* Exercise instructions: Omit the pictures and return exactly the stretch of the material below from the line with "Enjoy the drive" through the line with "This is a 2008".

+++ Material supplied

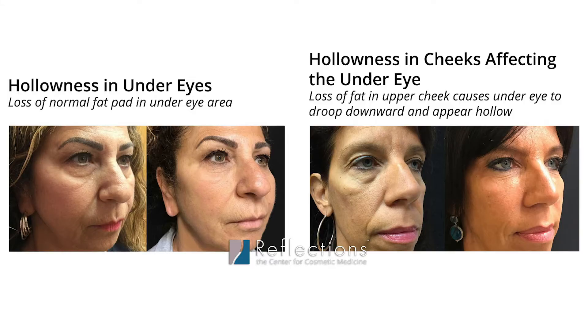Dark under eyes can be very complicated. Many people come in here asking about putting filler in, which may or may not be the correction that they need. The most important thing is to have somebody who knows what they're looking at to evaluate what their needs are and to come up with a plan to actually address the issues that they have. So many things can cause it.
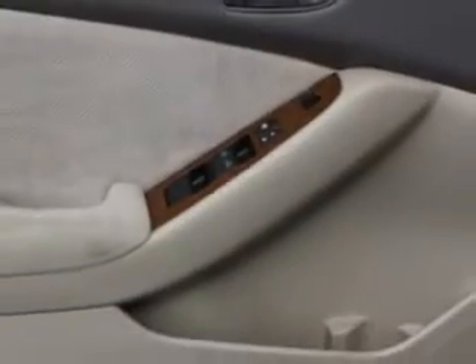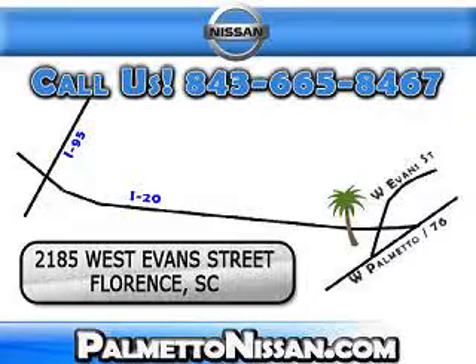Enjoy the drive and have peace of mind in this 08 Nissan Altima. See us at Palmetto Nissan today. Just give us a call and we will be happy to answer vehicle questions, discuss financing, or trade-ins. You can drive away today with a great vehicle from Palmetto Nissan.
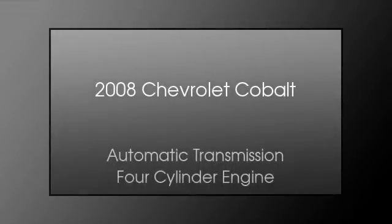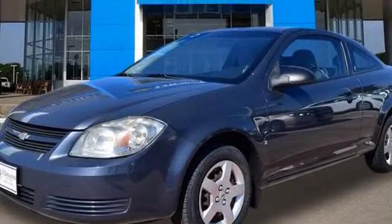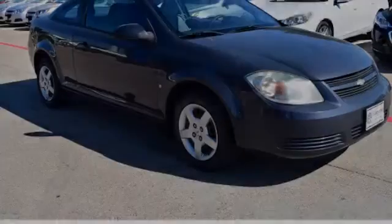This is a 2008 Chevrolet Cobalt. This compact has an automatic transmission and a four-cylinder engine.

++++++
+++ Material supplied

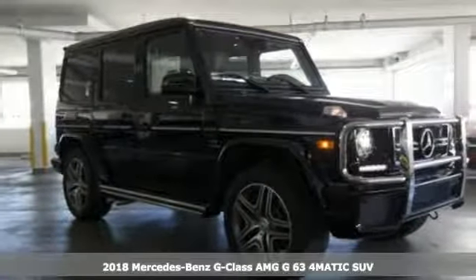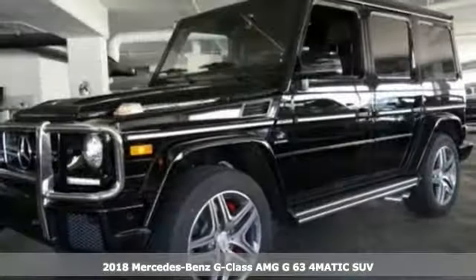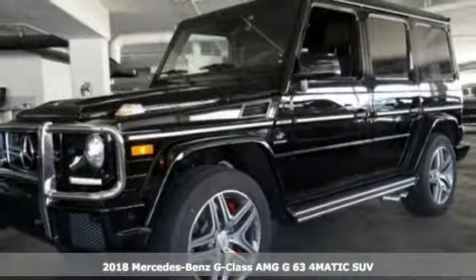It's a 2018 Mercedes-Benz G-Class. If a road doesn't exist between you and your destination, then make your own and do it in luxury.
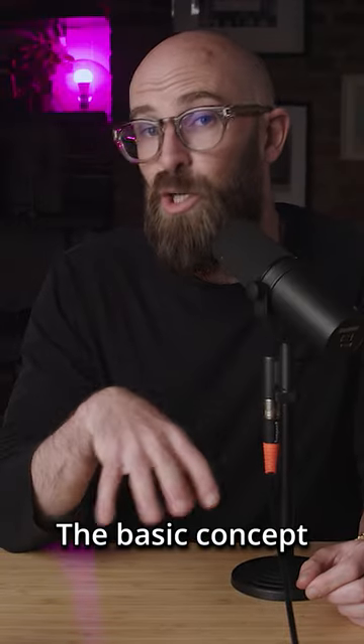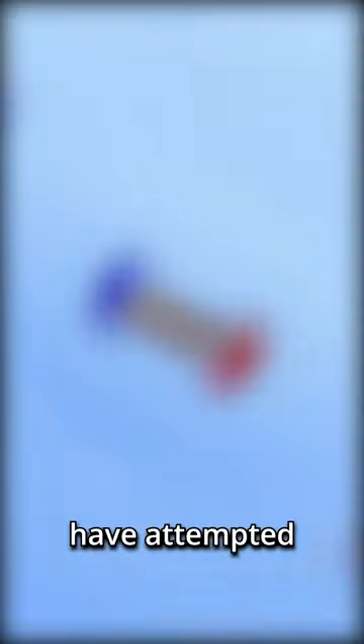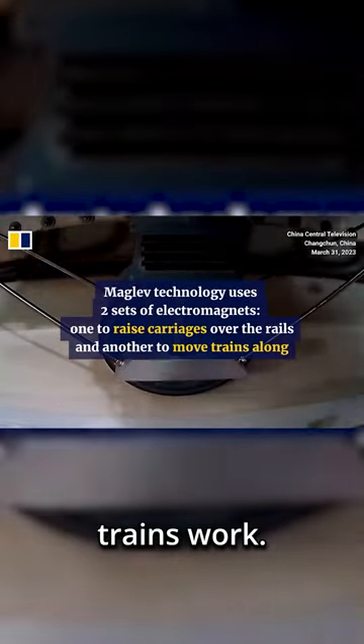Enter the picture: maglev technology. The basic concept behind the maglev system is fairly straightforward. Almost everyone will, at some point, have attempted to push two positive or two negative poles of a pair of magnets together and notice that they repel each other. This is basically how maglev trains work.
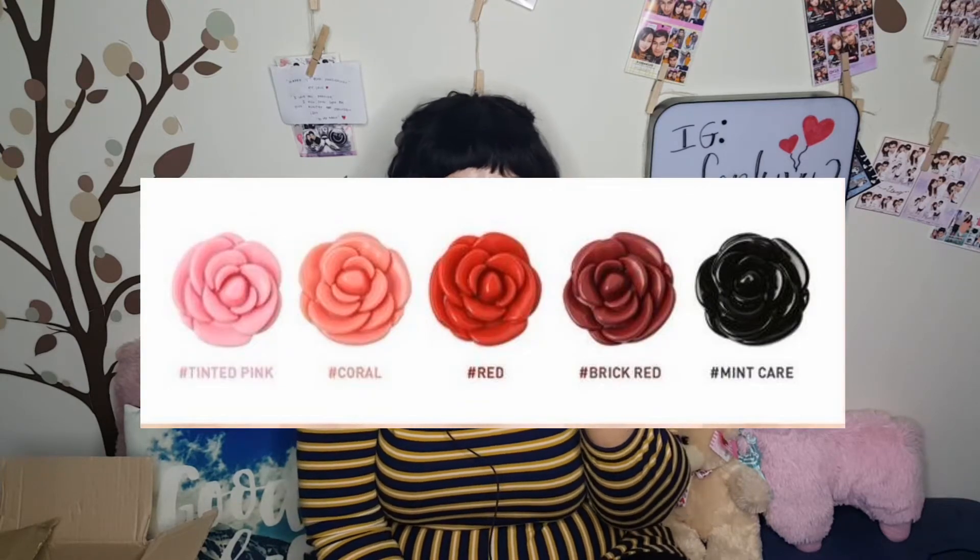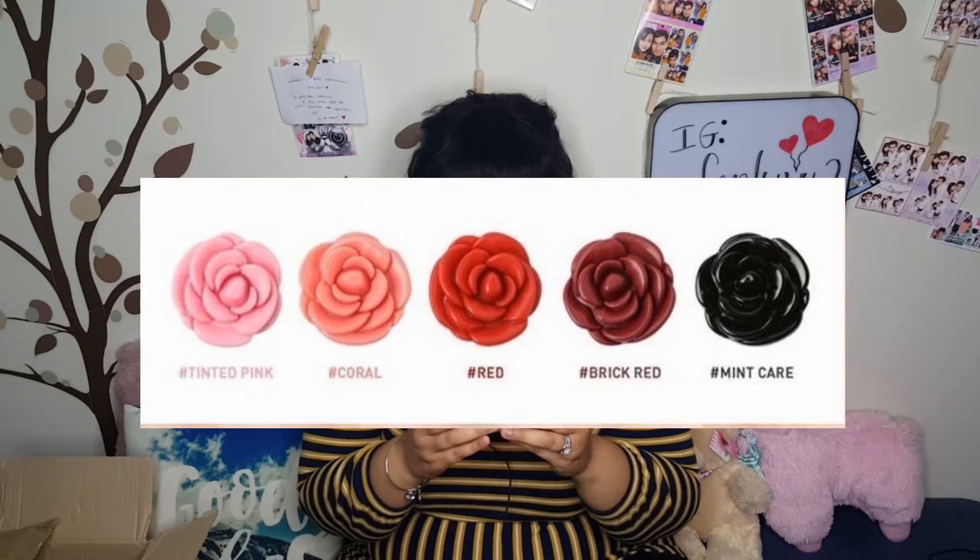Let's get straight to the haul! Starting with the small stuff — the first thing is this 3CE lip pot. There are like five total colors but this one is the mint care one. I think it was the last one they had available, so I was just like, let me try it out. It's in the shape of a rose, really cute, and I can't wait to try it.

++++++

* Result for this exercise:
Enjoy the drive and have peace of mind in this 08 Nissan Altima. See us at Palmetto Nissan today. Just give us a call and we will be happy to answer vehicle questions, discuss financing, or trade-ins. You can drive away today with a great vehicle from Palmetto Nissan.
This is a 2008 Chevrolet Cobalt. This compact has an automatic transmission and a four-cylinder engine.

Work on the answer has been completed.